Let’s be very clear about what this means.
It means that choline is necessary for proper function. It does NOT mean that consuming massive quantities of choline will have special protective effects.
Like most nutrients, either you get enough or you don’t. There is no benefit to consuming massive excess quantities. Excess can be as harmful as inadequacy.
I agree, but what is interesting is that getting adequate choline from the diet is not as easy as one would think, when we are told to limit foods for cholesterol (egg yolks and liver) or other purposes like saturated fat and high iron issues (beef).
The NIH says men need to eat 550 mg a day and women need to eat 425 mg a day.
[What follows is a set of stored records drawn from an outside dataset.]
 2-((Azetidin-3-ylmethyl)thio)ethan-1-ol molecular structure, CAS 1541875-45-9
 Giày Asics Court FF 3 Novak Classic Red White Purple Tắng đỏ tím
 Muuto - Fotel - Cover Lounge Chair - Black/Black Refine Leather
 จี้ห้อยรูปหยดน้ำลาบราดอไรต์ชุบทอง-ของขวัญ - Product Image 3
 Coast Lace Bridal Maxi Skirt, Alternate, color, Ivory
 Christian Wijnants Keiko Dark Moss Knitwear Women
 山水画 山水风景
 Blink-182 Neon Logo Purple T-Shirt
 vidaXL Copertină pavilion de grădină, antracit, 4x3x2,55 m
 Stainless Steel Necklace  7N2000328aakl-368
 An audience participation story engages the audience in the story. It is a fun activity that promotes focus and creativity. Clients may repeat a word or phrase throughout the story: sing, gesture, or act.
https://ods.od.nih.gov/factsheets/Choline-HealthProfessional/
The following foods are some of the highest in choline (from the NIH website):
356 mg - Beef liver, pan fried, 3 ounces
147 mg- Egg, hard boiled, 1 large
117 mg - Beef top round, separable lean only, braised, 3 ounces
107 mg - Soybeans, roasted, ½ cup
72 mg - Chicken breast, roasted, 3 ounces
A man would need 23 ounces of chicken breast a day, if skipping yolks and beef, or, instead, munch down over two and a half cups of roasted soybeans.
I know I don’t eat 23 ounces of chicken a day, but I try to get at least an egg a day. My wife and I don’t eat a lot of beef, any more, but we do eat chicken often and have fish a time or two a week.
Consequently, my wife and I actually supplement choline as citicholine or get in some lecithin, to get ourselves up to just the official “Adequate” level doctors say we need every day.
There is only so much choline in broccoli, peas, cauliflower, celery, and other veggies. For vegetarians or vegans, they have a similar problem.